# NATO Aircraft Markings



## Matt308 (Dec 7, 2006)

I've wondered this for some time and perhaps the forum can answer it for me.

Why are some NATO aircraft marked with NATO spelled both forward and backward.

Example: NATO [NATO Roundel] OTAN

Any insight?


----------



## the lancaster kicks ass (Dec 7, 2006)

so if you see one in your rear view mirror it reads the correct way around.........


----------



## pbfoot (Dec 7, 2006)

Something like this in French "organisation treaty atlantique nord"


----------



## the lancaster kicks ass (Dec 7, 2006)

why the hell are the French such twats about everything more countries than any other speak English yet they still insist everything be done in french or they'll start throwing their toys out of the pram!


----------



## Matt308 (Dec 7, 2006)

Goddamnit I knew it!!! They f*** with everything!


----------



## twoeagles (Dec 7, 2006)

I really think it is a function of how much the guy doing the painting
had to drink before he started...Gnikcuf Hcnerf?


----------



## pbfoot (Dec 7, 2006)

Because they are worried that the French language is becoming as relevant as Babylonian i believe they have the only language that does not use the word computer they call it "un adaptuer " or some similar


----------



## Matt308 (Dec 7, 2006)

Ugh.


----------



## Gnomey (Dec 7, 2006)

The French and the survival of their language


----------



## DerAdlerIstGelandet (Dec 8, 2006)

Well they are about as irrelevent now as they have been in any war since 1939...


----------



## MacArther (Dec 8, 2006)

> Well they are about as irrelevent now as they have been in any war since 1939...


Here here....Anyway, some of my favorite quotes deal with the French.

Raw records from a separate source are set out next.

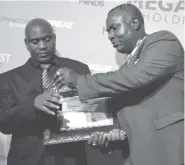  ??  ?? Zimpapers Digital and Publishing Division Financial Manager Mr Godwin Takundwa (left) receives a trophy and a shield from Mr Dzingirai Tusai for Best Exemplary Leadership Award at the Megafest Business Awards ceremony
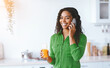 © Prostock-studio - A woman stands in a kitchen while talking on her phone. She holds a glass of orange juice in her hand. The kitchen has a bright and modern look. It is daytime.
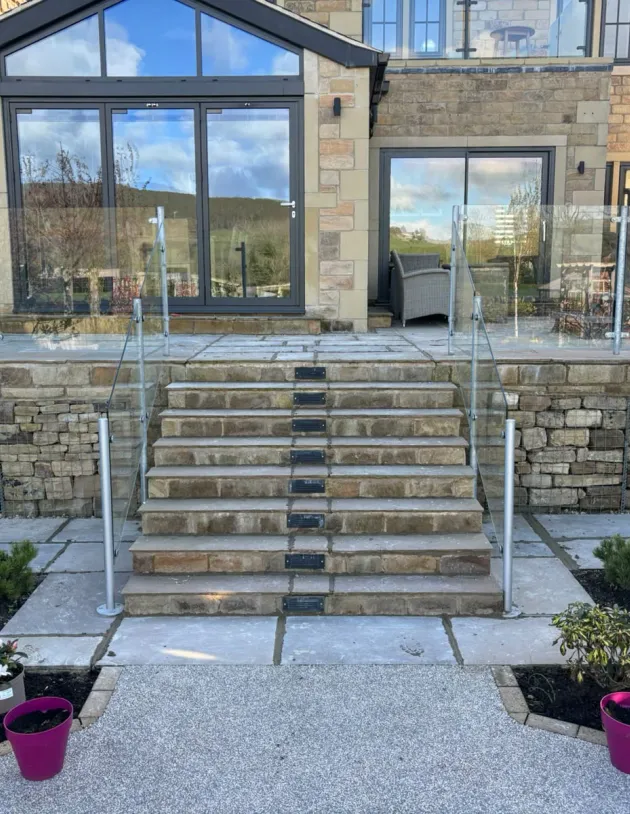 Wide stone garden steps with glass balustrades, planted borders and a raised terrace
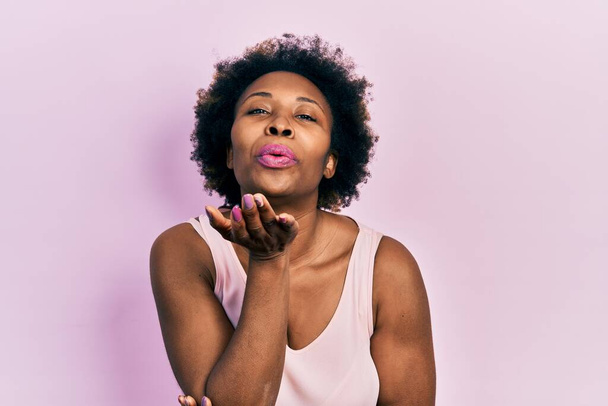 Young african american woman wearing casual sleeveless t shirt looking at the camera blowing a kiss with hand on air being lovely and sexy. love expression.  - Photo, Image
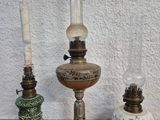 Trois lampes à huile anciennes sont posées sur un plan de travail en marbre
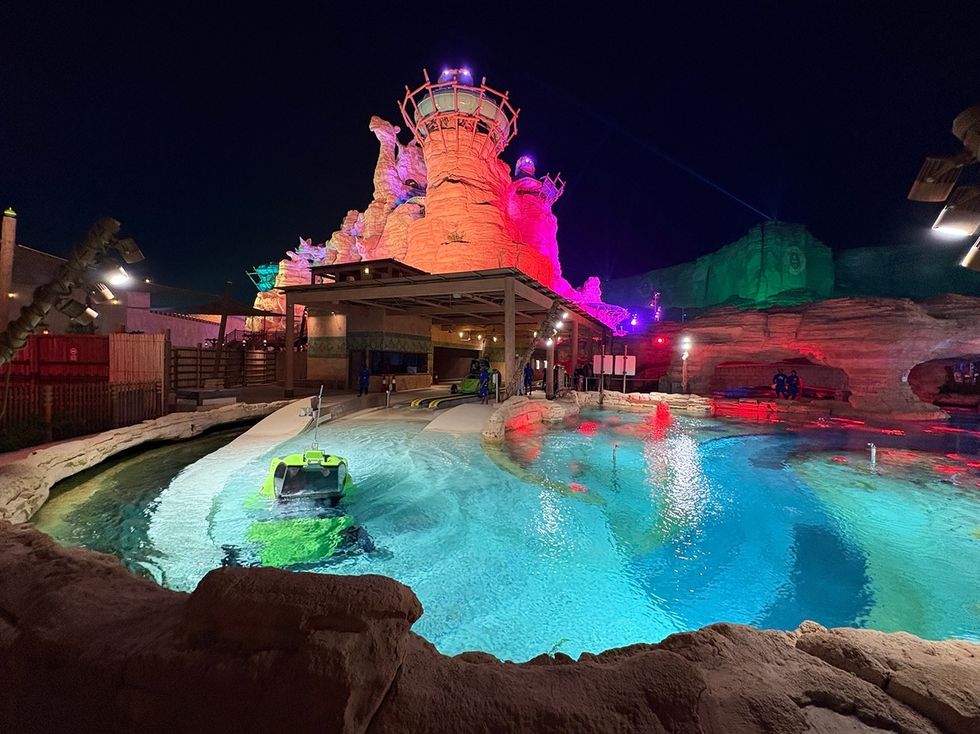 Colorful, illuminated rocks and pool at a nighttime amusement park scene.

And, no, I am not a racist bigot, I just find some of these quotes telling/funny.

"If we're angering the French, we must be doing something right..."

"Right... next time France gets invaded and controlled by another party, like...the *Bahamas*, the world leaders are staying out of it..."

As per the NATO OTAN thing, thats just silly of them...its like teaching a special forces team the workings of Chinese, just to send them to Iraq.


----------



## DerAdlerIstGelandet (Dec 9, 2006)

MacArther said:


> "Right... next time France gets invaded and controlled by another party, like...the *Bahamas*, the world leaders are staying out of it..."




We used to joke around about that in the hanger over here in Germany. We would say that the next German chancelor was going to invade and take France but the rest of the world was going to be like "Oh well its for the better, besides let them breed them out!" 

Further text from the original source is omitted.